I’m sorry to bust your bubble, but past success is no guarantee of future success. In a lot of ways, it acts as a barrier to future success.
Why? Because human nature almost guarantees that success breeds complacency. You have to kill complacency before it kills you, because there’s no such thing as just hanging on to success.
If you work hard and you work smart, every day you’ll gain some new success. The trouble is, every day you’ll also lose some of your old success.
The only way to put a fence around your success is to keep taking risks …
There is no standing still. You’re either forging ahead, or you’re falling behind. The comfortable little business that just chugs along for years on autopilot without constant reinvention is a total myth.
Your products and programs… your business systems… and your marketing are all solutions to today’s problems. But nothing stays the same.
Each day, the market is eroding the appeal of your products, the leverage of your business systems, and the effectiveness of your marketing. As Dan Kennedy says, “sooner or later, they all go lame.”
If you’re not constantly re-creating your business and continually pushing yourself to accept and overcome new challenges, your business will stagnate, and you’ll eventually lose it.
Success kills boldness, courage, character, and creativity…
I saw this many times when I was in direct sales, both in the behavior of the salespeople that I was managing, and also in my own attitudes and behavior.
Most of the new salespeople that came on the scene quickly crashed and burned. They just didn’t have the testicular fortitude to haul ass into the field each day and withstand repeated rejection.
Those who did manage to survive the brutal first 90 days often thrived. But invariably, even these survivors would face a period later when they slumped…
They’d stop waking up super early in the morning to hit the phones at that crucial time when their Young Turk executive counterparts in the companies we were targeting were making war plans.
They stopped working late into the night perfecting their pitches and proposals.
And they got timid about asking for the sale.
In short, it was perfectly natural for these salespeople to lose touch with the values that gave rise to their initial success. They took success for granted. They became victims of the spirit killing tyranny of the status quo.
And not all of them were able to regain their discipline. Many burned out in the second or third year of their employ, victims of their own initial success. Only the toughest and most disciplined survived for the long haul.
Beware the spoils of victory …
I am reminded of a story I read many years ago in the Art of War …
Long ago, in ancient China, the great military strategist, Sun Tzu, conquered a fertile river valley. The valley was overflowing with livestock, crops and nubile young peasant girls. Sun Tzu declared that this would be the place where he would destroy his greatest enemy.
The opposing army came roaring over the mountain pass into the river valley in astonishing numbers… their infantry, cavalry and archers far outnumbering Sun Tzu’s. And the wily general retreated, ceding the valley to the marauders.
The invading soldiers built an encampment in the valley and began enjoying the spoils of war. They married the beautiful young maidens of the valley and feasted on the ample livestock and crops that flourished in the rich soil.
Gradually, they became fat, lazy, and undisciplined and began bickering among themselves over the bountiful splendor of the valley.

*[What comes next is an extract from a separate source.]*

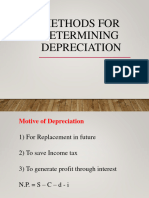 Methods For Determining Depreciation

Two summers later, Sun Tzu returned.
Though still a smaller force, his army was well-disciplined, lean, rugged, and blood thirsty, engaging the larger army with enormous ferocity. And the opposing forces retreated, fording a river toward higher ground.
Sun Tzu ordered his men to hold back, allowing half of the enemy force to cross the river in safety before unleashing his full forces on those that remained.
Having grown soft and weak, the enemy soldiers who had already crossed the river did not return to help their comrades. And Sun Tzu’s army decimated those who had not yet crossed. He then forded the river and routed the remainder of the invaders.
There was no victory celebration.
Sun Tzu immediately marched his troops out of the lush river valley, never to return — thus perpetuating his success.